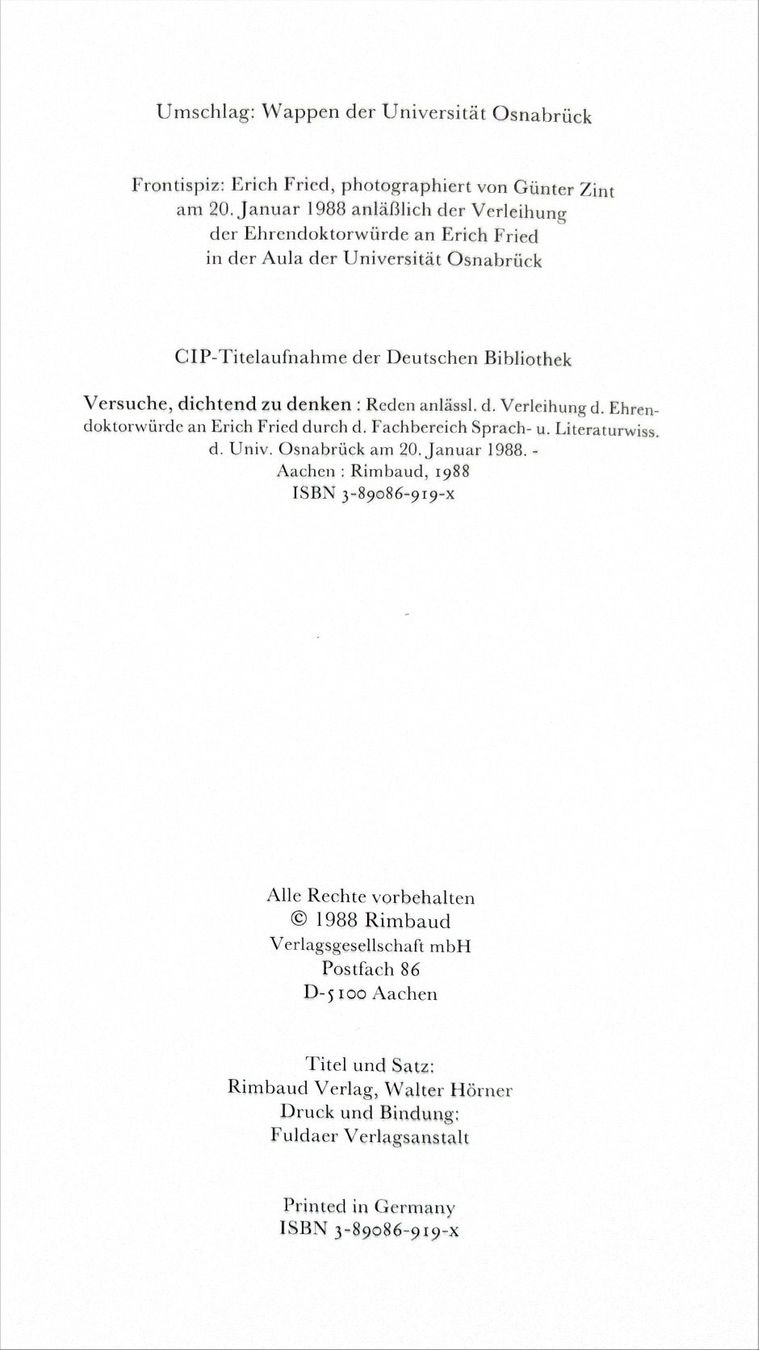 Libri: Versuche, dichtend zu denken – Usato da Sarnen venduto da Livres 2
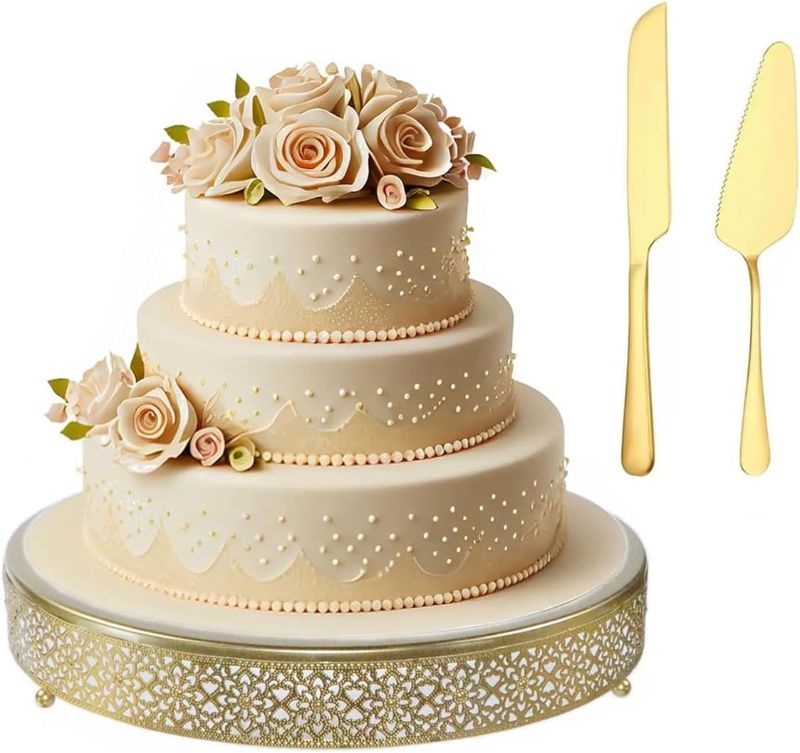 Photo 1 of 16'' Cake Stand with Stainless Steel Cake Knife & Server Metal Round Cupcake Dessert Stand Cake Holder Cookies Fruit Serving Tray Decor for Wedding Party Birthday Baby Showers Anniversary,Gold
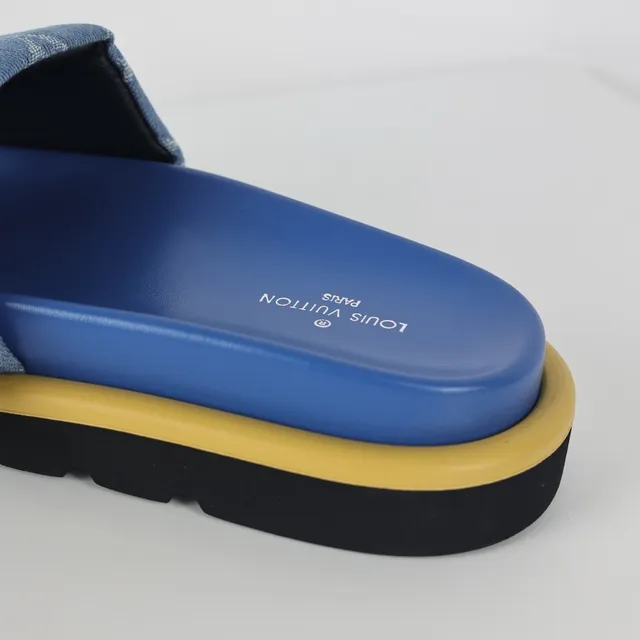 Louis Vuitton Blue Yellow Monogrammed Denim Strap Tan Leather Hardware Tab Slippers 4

+-------+

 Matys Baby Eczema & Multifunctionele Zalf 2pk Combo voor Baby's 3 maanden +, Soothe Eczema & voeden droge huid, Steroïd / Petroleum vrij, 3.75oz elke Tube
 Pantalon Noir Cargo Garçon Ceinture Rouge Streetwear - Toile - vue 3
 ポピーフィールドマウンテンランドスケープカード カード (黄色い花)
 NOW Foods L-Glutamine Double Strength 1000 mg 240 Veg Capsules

+-------+

Your objective >> Return word for word the lines of the listing above, starting at the line with "Photo 1 of 16''" and ending at the line with "Louis Vuitton Blue", both included. Pictures do not belong in the copy.

Task output >>
 Photo 1 of 16'' Cake Stand with Stainless Steel Cake Knife & Server Metal Round Cupcake Dessert Stand Cake Holder Cookies Fruit Serving Tray Decor for Wedding Party Birthday Baby Showers Anniversary,Gold
 Louis Vuitton Blue Yellow Monogrammed Denim Strap Tan Leather Hardware Tab Slippers 4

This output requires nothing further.